Although there are several data releases for the UK, Eurozone and US scheduled for publication today, their impact will be limited as all eyes remain firmly fixated on Donald Trump. If Trump maintains the more moderate and conciliatory tone struck in his acceptance speech the market confidence could continue to recover, something which could see USD exchange rates return to a stronger footing.

US Dollar Exchange Rates Slumped in Response to Donald Trump Victory

Investors experienced a major shock overnight after Donald Trump was elected as the 45th President of the United States. This ran counter to the expectations of a Hillary Clinton victory that had built up at the start of the week, prompting the US Dollar (USD) to slump sharply as the election began to swing in Trump’s favour.

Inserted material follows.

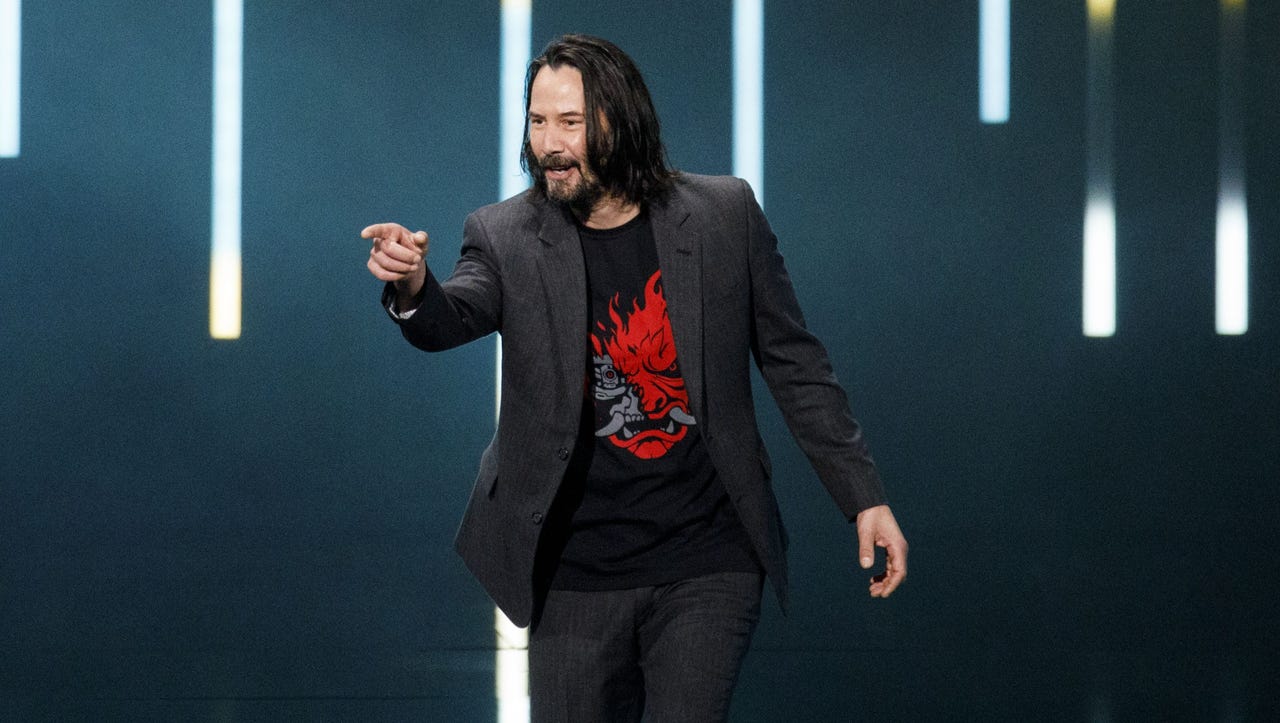 Starul Hollywood-ului Keanu Reeves, cunoscut pentru rolul sau din jocul video Cyberpunk, exprima dorinta de a fi implicat in continuarea acestei francize, declarand ca “cu siguranta” ar dori sa participe la realizarea lui Cyberpunk 2.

Markets were naturally unsettled by the result, given Trump’s protectionist and hard-line rhetoric, with investors selling out of the ‘Greenback’ in favour of other safe-haven assets.

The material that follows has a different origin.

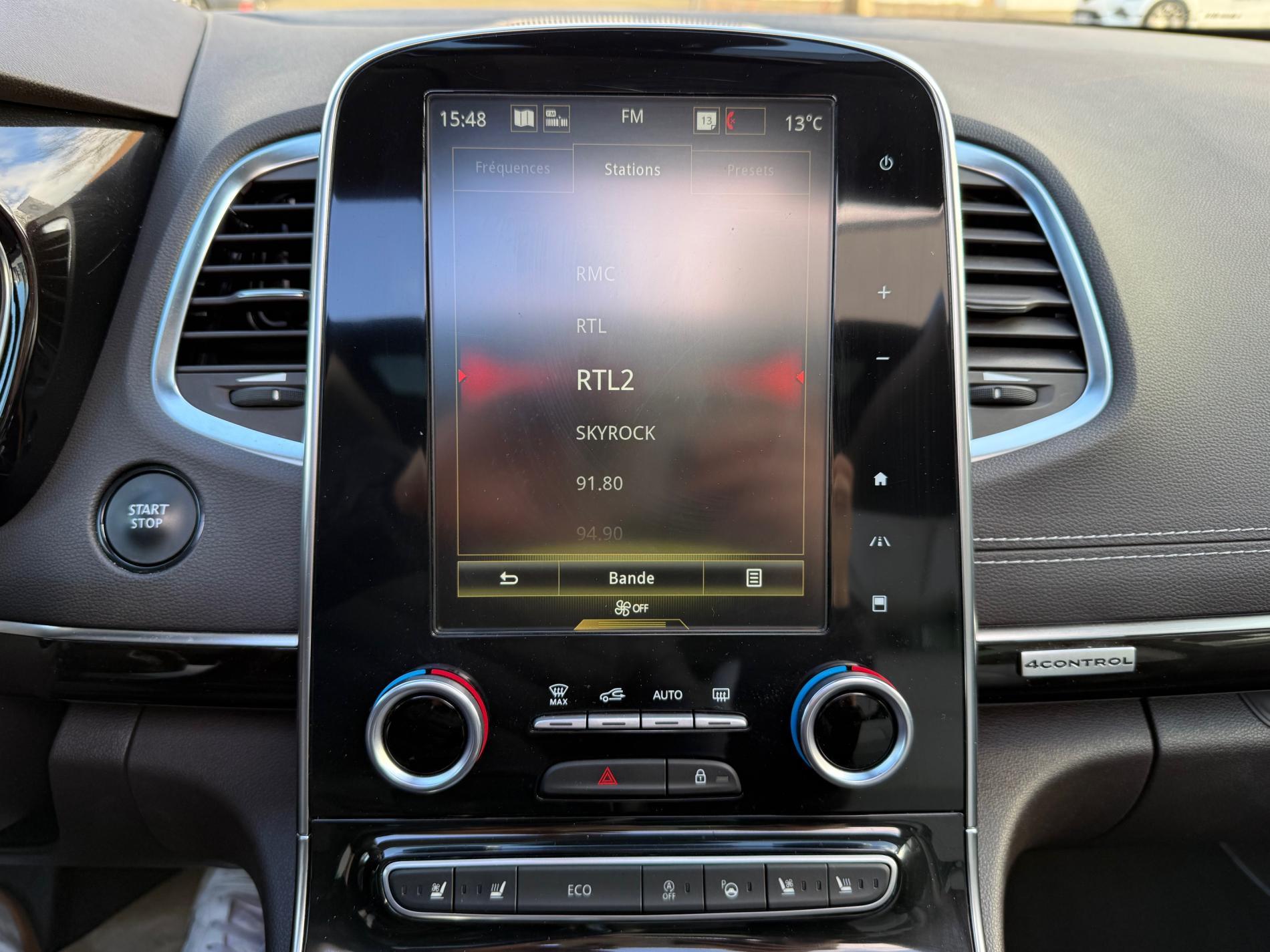 ESPACE V INITIALE PARIS 2.0L BLUEDCI 200CV EDC 7PL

Some of the initial turbulence of USD exchange rates calmed in the wake of Trump’s acceptance speech, which proved to be rather less inflammatory than had been anticipated. Even so, the outlook of the US Dollar will remain volatile in the near future, as markets await some greater clarity on the reality of what a Donald Trump presidency will look like. As researchers at Westpac noted:

‘A number of Trump policies such as building a wall between the US and Mexico; labelling China as a currency manipulator; and deporting immigrants have the capacity to inflame foreign relations broadly, potentially resulting in repeated waves of financial market uncertainty and being to the lasting detriment of the real economic activity as potential growth is curtailed.’

Lower Odds of 2016 Fed Interest Rate Hike Weighed on USD EUR Exchange Rate

The US Dollar Euro (USD EUR) exchange rate plunged as the results of the election increasingly pointed towards a Republican sweep. Although the single currency is not a traditional safe-haven currency it benefitted strongly from its negative correlation with the US Dollar. Confidence in the Euro was encouraged by the now diminished prospect of the Federal Reserve raising interest rates before the end of the year, something that will limit its policy divergence with the European Central Bank (ECB) in the near term.

However, if the initial panic of investors continues to ease over the coming days then the Euro may struggle to hold onto its gains against the US Dollar. Speculation continues to favour the ECB extending its quantitative easing program at its December meeting, a prospect that is likely to increasingly drag on the single currency. If markets are quick to adjust to the reality of the Trump victory then the USD EUR exchange rate has the potential to regain its losses this week.

USD GBP Exchange Rate Forecast to Remain Under Pressure on Improved UK Trade Balance

Despite Brexit-based anxiety having strengthened once again in response to the announcement of the date for the Supreme Court to hear the appeal over the Article 50 case, the US Dollar Pound (USD GBP) exchange rate jumped during Tuesday’s American session. With the ‘Greenback’ weakening against many of the majors the Pound was able to make some fresh gains, although the initial slump of the USD GBP pairing soon began to moderate.

While market focus is set to remain primarily on developments in the US there is potential for Sterling to find an additional rallying point. Forecasts point towards the UK visible trade deficit having narrowed from -12.1 billion to -11.3 billion in September, an improvement which would be a positive signal for the domestic economy. However, if the trade gap is found to have worsened then the USD GBP exchange rate could be encouraged to trend higher.

Current Interbank Exchange Rates

At the time of writing, the US Dollar Euro (USD EUR) exchange rate was slumped in the region of 0.89, while the US Dollar Pound (USD GBP) pairing was trending lower at 0.80.